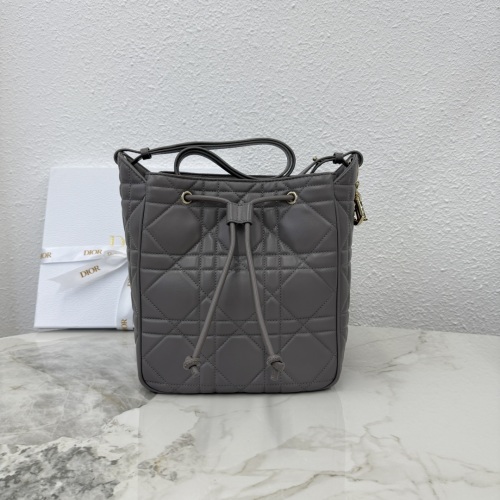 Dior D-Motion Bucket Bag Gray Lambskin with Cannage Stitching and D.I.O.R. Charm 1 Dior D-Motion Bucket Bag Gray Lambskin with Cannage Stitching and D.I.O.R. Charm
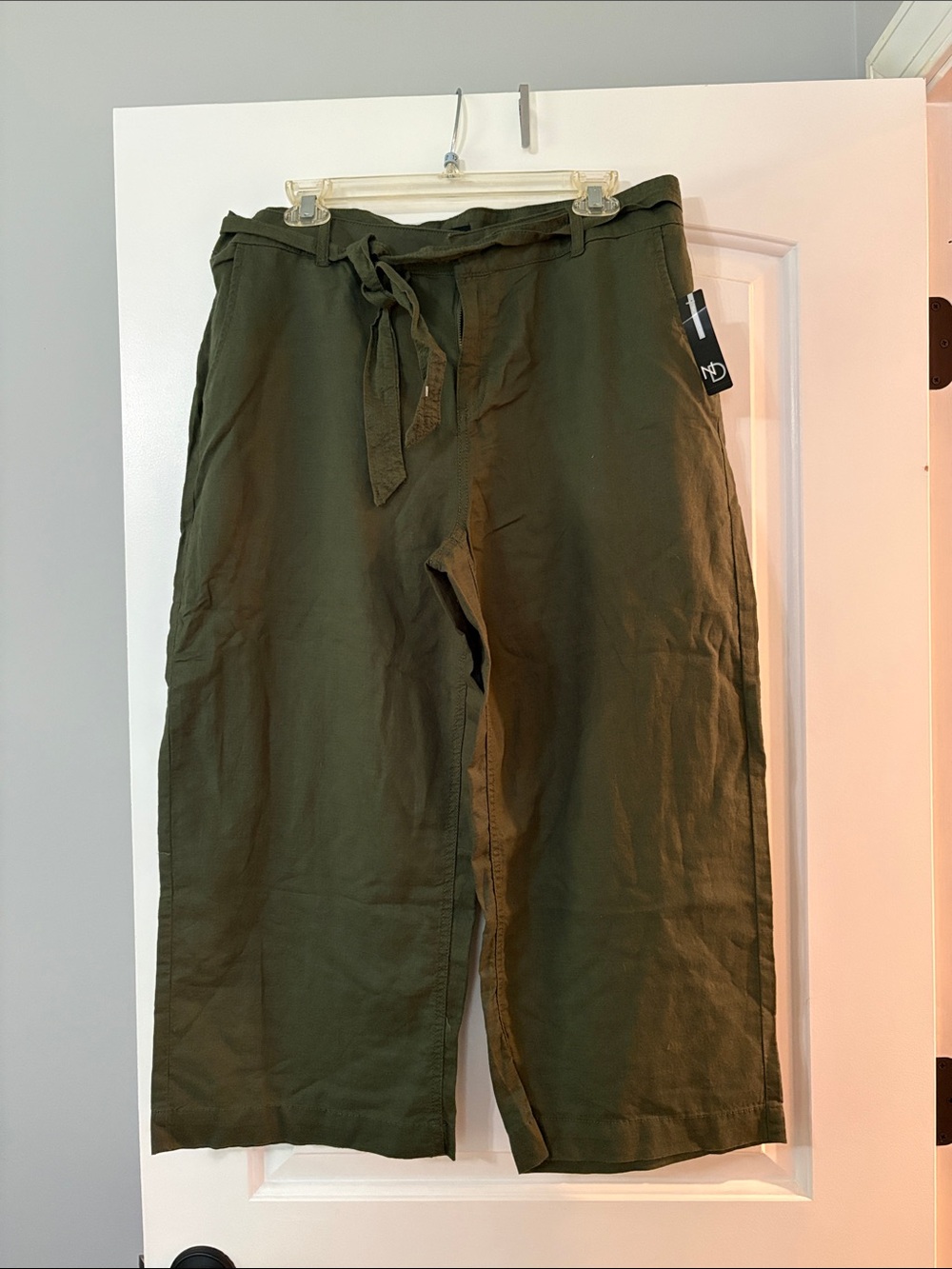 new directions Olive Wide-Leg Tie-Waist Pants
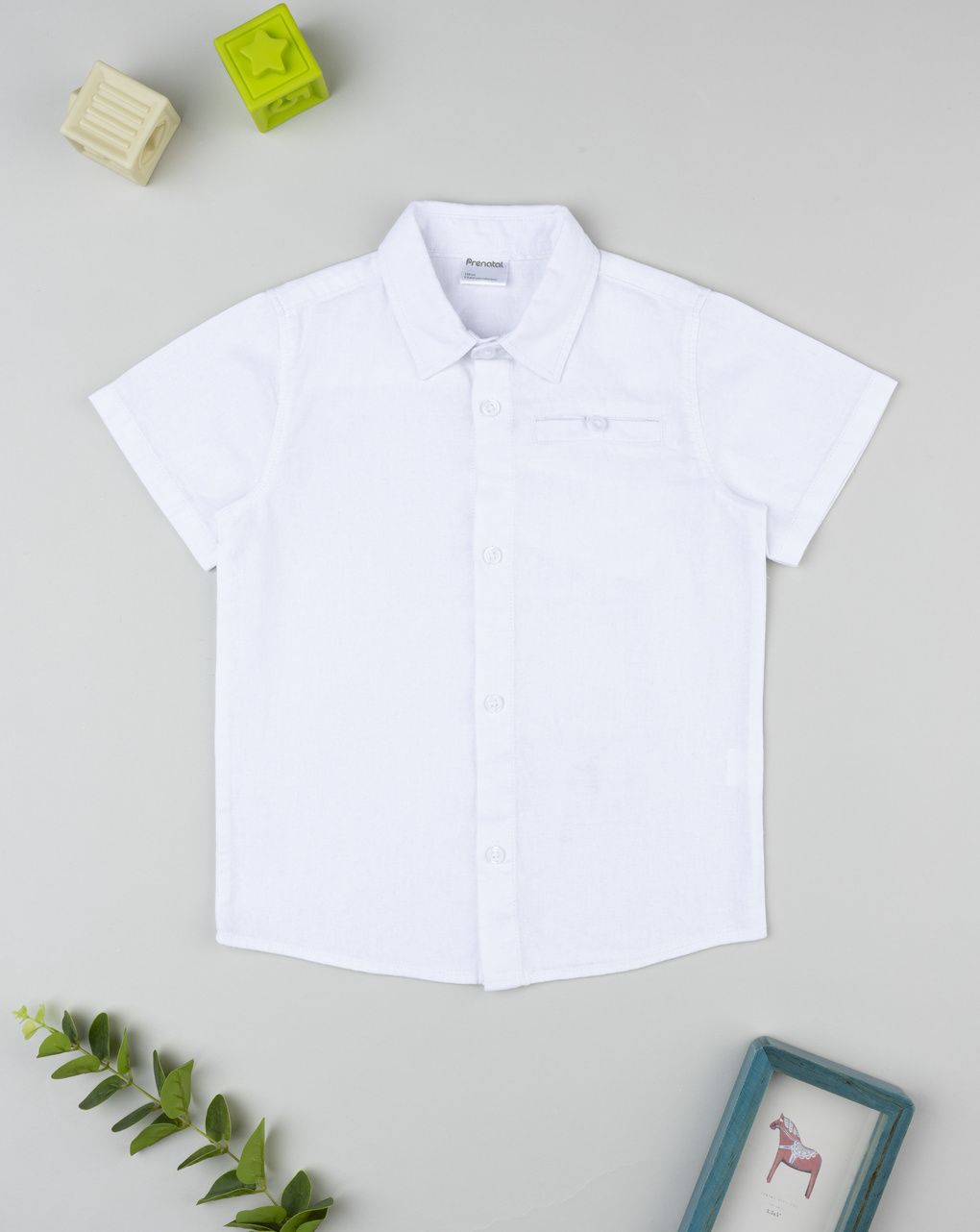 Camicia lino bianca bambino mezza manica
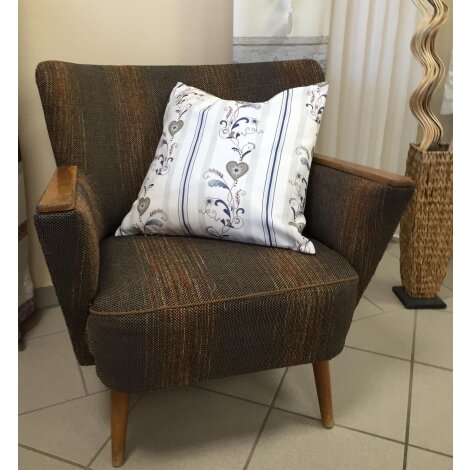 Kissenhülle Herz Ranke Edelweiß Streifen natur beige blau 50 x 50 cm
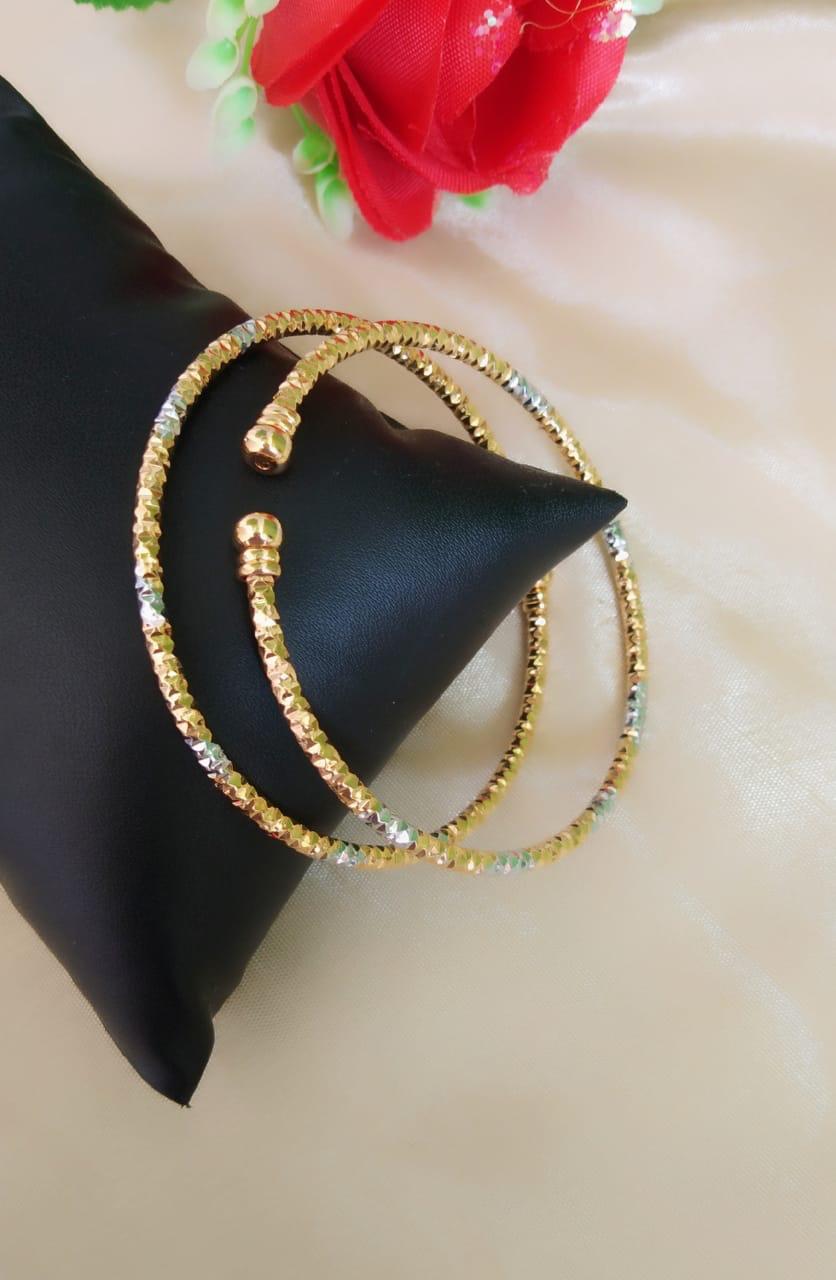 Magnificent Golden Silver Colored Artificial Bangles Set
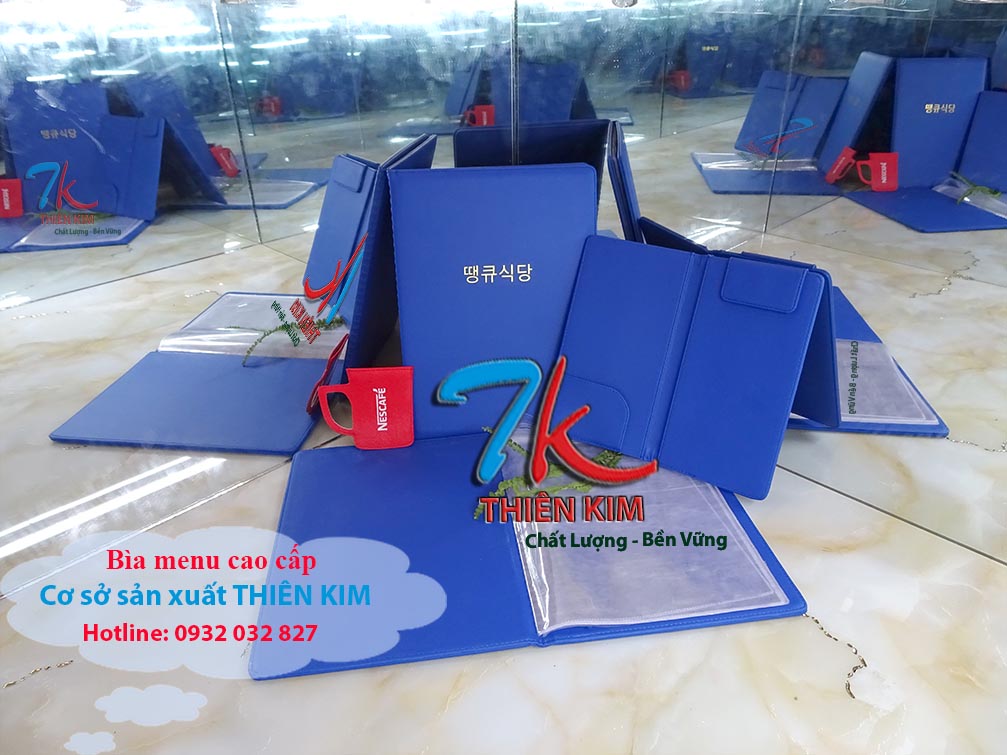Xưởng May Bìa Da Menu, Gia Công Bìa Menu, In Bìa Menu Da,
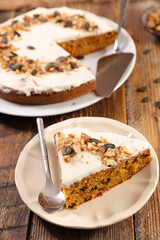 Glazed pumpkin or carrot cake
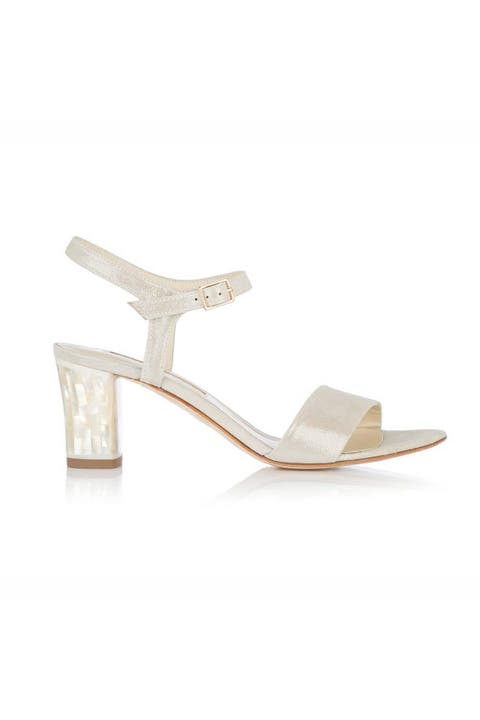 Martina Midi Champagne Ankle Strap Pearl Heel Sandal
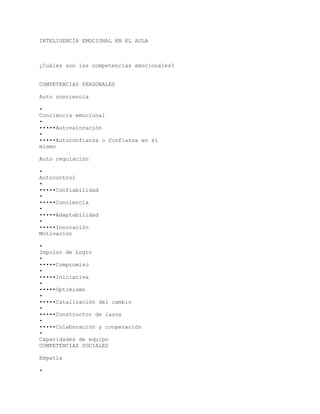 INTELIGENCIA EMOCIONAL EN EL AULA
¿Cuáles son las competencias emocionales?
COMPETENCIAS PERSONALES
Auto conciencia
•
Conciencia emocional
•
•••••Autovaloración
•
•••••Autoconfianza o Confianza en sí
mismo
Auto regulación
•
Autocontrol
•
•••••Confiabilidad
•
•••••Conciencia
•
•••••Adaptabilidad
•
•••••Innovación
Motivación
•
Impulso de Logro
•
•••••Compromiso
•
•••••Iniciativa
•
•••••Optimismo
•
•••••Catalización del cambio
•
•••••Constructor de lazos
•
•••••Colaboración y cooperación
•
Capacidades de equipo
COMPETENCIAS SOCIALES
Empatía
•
═══
● **Task directions**
Leave the pictures out and return each entry exactly.

● **Problem solution**
 Dior D-Motion Bucket Bag Gray Lambskin with Cannage Stitching and D.I.O.R. Charm 1 Dior D-Motion Bucket Bag Gray Lambskin with Cannage Stitching and D.I.O.R. Charm
 new directions Olive Wide-Leg Tie-Waist Pants
 Camicia lino bianca bambino mezza manica
 Kissenhülle Herz Ranke Edelweiß Streifen natur beige blau 50 x 50 cm
 Magnificent Golden Silver Colored Artificial Bangles Set
Xưởng May Bìa Da Menu, Gia Công Bìa Menu, In Bìa Menu Da,
 Glazed pumpkin or carrot cake
 Martina Midi Champagne Ankle Strap Pearl Heel Sandal
 INTELIGENCIA EMOCIONAL EN EL AULA
¿Cuáles son las competencias emocionales?
COMPETENCIAS PERSONALES
Auto conciencia
•
Conciencia emocional
•
•••••Autovaloración
•
•••••Autoconfianza o Confianza en sí
mismo
Auto regulación
•
Autocontrol
•
•••••Confiabilidad
•
•••••Conciencia
•
•••••Adaptabilidad
•
•••••Innovación
Motivación
•
Impulso de Logro
•
•••••Compromiso
•
•••••Iniciativa
•
•••••Optimismo
•
•••••Catalización del cambio
•
•••••Constructor de lazos
•
•••••Colaboración y cooperación
•
Capacidades de equipo
COMPETENCIAS SOCIALES
Empatía
•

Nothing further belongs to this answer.